Les larves de diptères mycophages, comme les Mycetophilidae, se développent obligatoirement sur les champignons. Des limaces consomment aussi des champignons, parfois toxiques pour l’homme comme l’amanite phalloïde, sans en souffrir. Cela rappelle que les spectres de toxicité diffèrent selon les groupes.
Les insectes qui exploitent le bois colonisé par les champignons nourrissent ensuite d’autres animaux, comme les pics, qui creusent les troncs pour les capturer. Lorsqu’on entend un pic en forêt, cela raconte aussi une histoire de champignons : il se trouve au sommet d’une chaîne trophique dont les champignons constituent la base.
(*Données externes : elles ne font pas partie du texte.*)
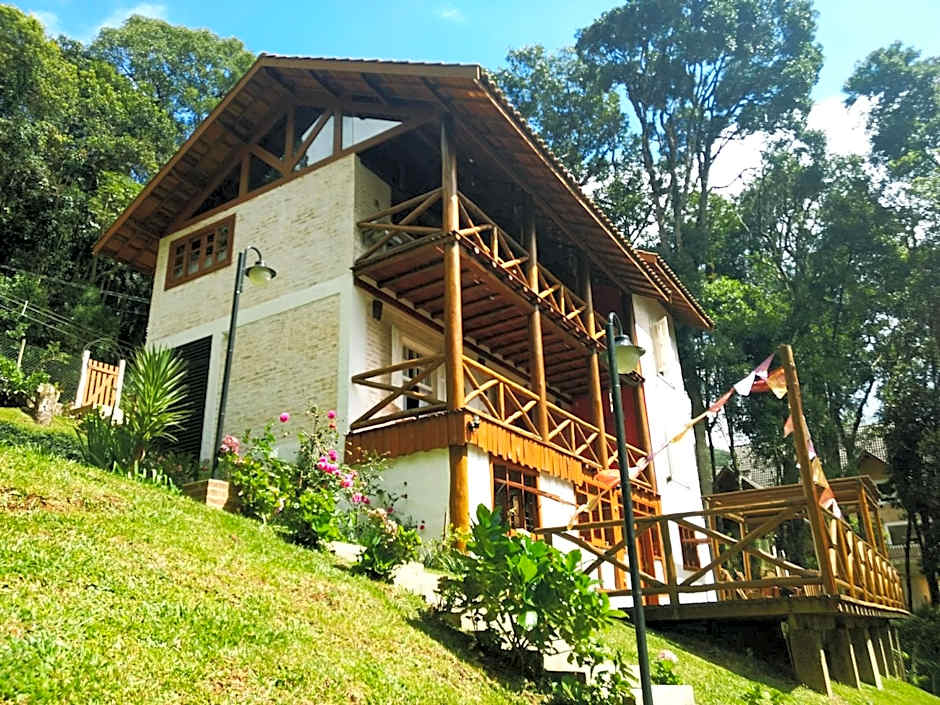 Nas Nuvens Hospedaria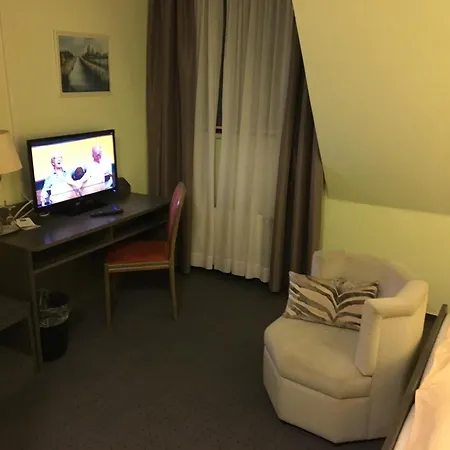 Restaurant Dortmunder Eck Hotel 3*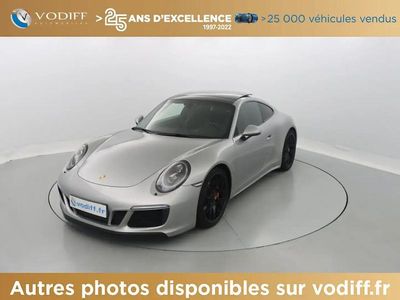 Porsche 911 Carrera 4 GTS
L’homme lui-même est un mycophage facultatif, et Marc-André Sélosse rappelle que cette consommation varie selon les cultures.
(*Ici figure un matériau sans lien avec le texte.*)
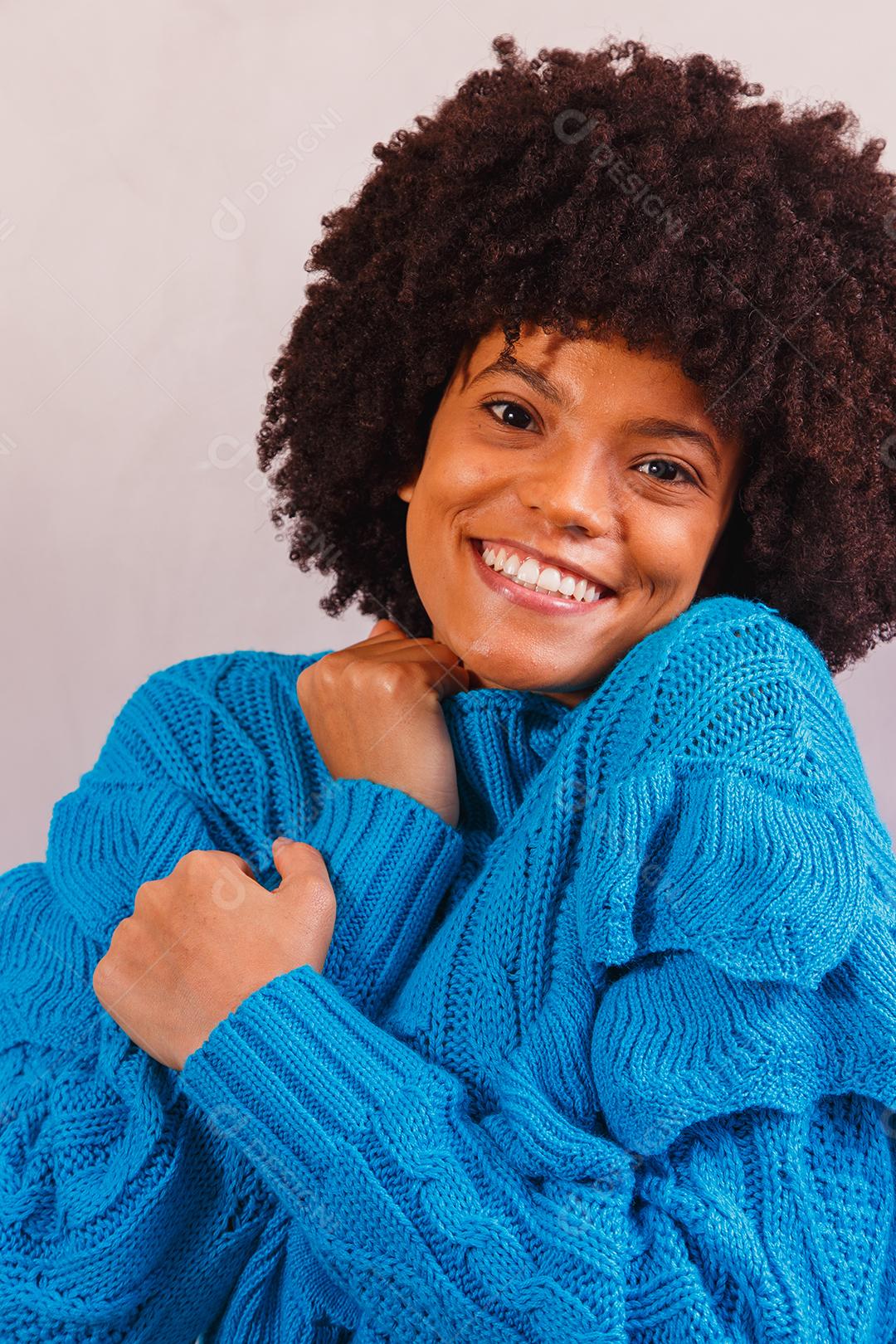 mulher afro vestida para o inverno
Conclusion : les champignons comme porte d’entrée vers le monde microbien
La sortie visait à montrer que les champignons sont là et visibles, même en l’absence de fructifications : par leurs mycéliums, leurs effets sur les substrats, leurs odeurs, leurs goûts, leurs structures sur les racines ou les feuilles.
Ils sont des agents majeurs du fonctionnement des écosystèmes forestiers :
- parasites biotrophes ou nécrotrophes ;
- saprophytes recyclant bois et feuilles ;
- mutualistes dans les mycorhizes et les lichens ;
- ressources alimentaires pour de nombreux animaux.
Parce qu’ils peuvent émerger dans le visible, soit par leur appareil reproducteur, soit par leur appareil végétatif, ils constituent aussi une excellente porte d’entrée pédagogique vers le monde microbien, plus facile à montrer sur le terrain que les bactéries.